Microverse -- Metric Convergence Loop

The Microverse -- powering your Pickle Rick app

"I put a universe inside a box, Morty, and it powers my car battery. This is the same thing, except the universe is your codebase and the battery is a metric."

Two modes: Command Metric (--metric) for objective numeric scores, and LLM Judge (--goal) for subjective quality assessment. The judge runs as a separate agent (microverse-judge) with read-only tools and a fast model (Haiku by default).

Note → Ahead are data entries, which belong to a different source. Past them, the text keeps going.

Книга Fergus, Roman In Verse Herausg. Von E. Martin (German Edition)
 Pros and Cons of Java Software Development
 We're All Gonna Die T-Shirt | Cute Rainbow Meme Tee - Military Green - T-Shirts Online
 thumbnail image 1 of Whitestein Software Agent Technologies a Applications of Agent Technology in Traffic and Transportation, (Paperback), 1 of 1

Gap Analysis (iteration 0)
    | measure baseline, analyze codebase, identify bottlenecks
    v
+--------------------------------------------------+
| Iteration Loop                                    |
|  1. Plan one targeted change (avoid failed list)  |
|  2. Implement + commit (forge -p --agent worker)  |
|  3. Measure metric                                |
|     - Improved: accept, reset stall counter       |
|     - Held: accept, increment stall counter       |
|     - Regressed: git reset, log failed approach   |
|  4. Converged? (stall_counter >= stall_limit)     |
+-------------------------+------------------------+
                          v
                 Final Report
Microverse Pickle
Goal Optimize toward a measurable target Build features from a PRD
Iteration unit One atomic change per cycle Full ticket lifecycle
Progress signal Metric score Ticket completion
Defines "done" Convergence (score stops improving) All tickets complete

Szechuan Sauce -- Iterative Code Deslopping

Command: Szechwan Sauce -- The Quest for Clean Code

"I'm not driven by avenging my dead family, Morty. That was fake. I-I-I'm driven by finding that McNugget sauce."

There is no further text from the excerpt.